So What Does “Entrepreneur Barbie” Actually Do?

So Mattel has this ongoing career-of-the-year series for everyone’s favorite shaped-like-no-human-woman-ever doll Barbie. Called “Barbie I Can Be,” every year Barbie gets a new pair of work heels to slip into. Past careers include everyday occupations (doctor, nurse, teacher), and a few decidedly LESS everyday careers (swim champion, ocean treasure explorer, cookie chef, arctic animal rescuer).

This year’s “Barbie I Can Be” is “Entrepreneur Barbie,” which sounds super on the surface. Yes, we should absolutely be telling little girls that being an “entrepreneur” is a slamming dream career. Let’s add it to the list of someday-jobs elementary school-aged ladies should be actively considering (along with “ocean treasure explorer” and “arctic animal rescuer” natch and natch).

It’s also super rad that a bunch of real-life female entrepreneurs (including Susan Feldman and Alison Pincus who founded One Kings Lane and Jennifer Hyman and Jenny Fleiss who launched Rent the Runway) are partnering with Mattel to serve as Barbies “Chief Inspiration Officers” and are going to be contributing to the site, talking to the Barbie audience about their experiences as women starting and running their own companies. Mattel also provides a printable “What’s an Entrepreneur?” handout on the website that provides a flowchart showing how a little girl’s current interests can lead to her someday-business, and how she can start entrepreneur-ing before she’s even got her multiplication tables memorized by self-starting a lemonade stand, pulling weeds for her neighbors, or making bracelets to sell.

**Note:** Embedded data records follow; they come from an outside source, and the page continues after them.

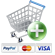 Création de site e-commerce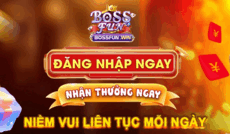 bossfunwin's picture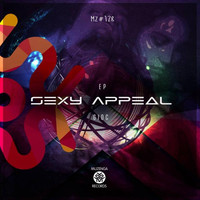 Thumbnail for the GIOC - Sexy Appeal link, provided by host site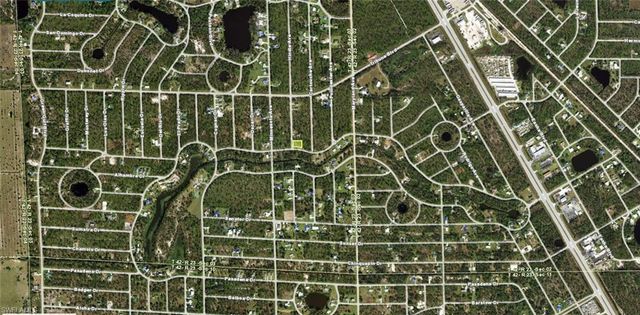 12342 Hindle AVE, Punta Gorda, FL 33955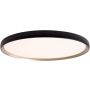 Plafon VIK C0237 3000k 1x45w/led 2092lm ip20 od Maxlight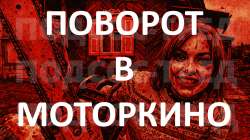 изображение.png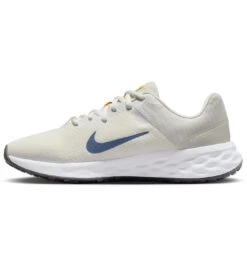 Nike Revolution 6 - Neutrallaufschuhe - Kinder -Schuhe Verkaufsgeschäft d1390 nike revolution 6 scarpe running neutre bambino 11338971 906383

So that’s all good. Hooray Mattel! Well, actually, let’s hold onto that “Hooray” for just one more quick second. Because the actual “Entrepreneur Barbie,” like the doll you buy at the store, seems incredibly generic and vague. She’s wearing a workplace-cute dress and a blinged-out statement necklace. Her other accessories include a purse, a wallet, a smart phone and a tablet (pulled up to a page featuring bar and pie charts). So what does Entrepreneur Barbie actually do? What’s her company, what’s her backstory, how did she break out of the clutter and become the doll equivalent of the women behind One Kings Lane and Rent the Runway?

Entrepreneur is a fancy enough word (and Lord knows I LOVE the idea of little girls running around the playground pretending to be “entrepreneurs”), but it’s also a really vague word. It just means “someone who started their own business” but an inspiring story is nothing without the details, and without knowing who this “Entrepreneur Barbie” is and what she’s done, it’s hard to get invested in her story, which means it’s going to be hard for girls to want to be her when they grow up. When you really think about it, “Entrepreneur Barbie” seems about as vague as “Boss Barbie” or “Businesswoman Barbie.”

So props to Mattel for introducing a cool career avenue to little women-in-training everywhere and putting together some curriculum to boot, but I just can’t help thinking it would be easier for little girls to dream about being entrepreneurs if they had some more details to hang onto, that is to say, if they knew WHAT exactly they were dreaming about.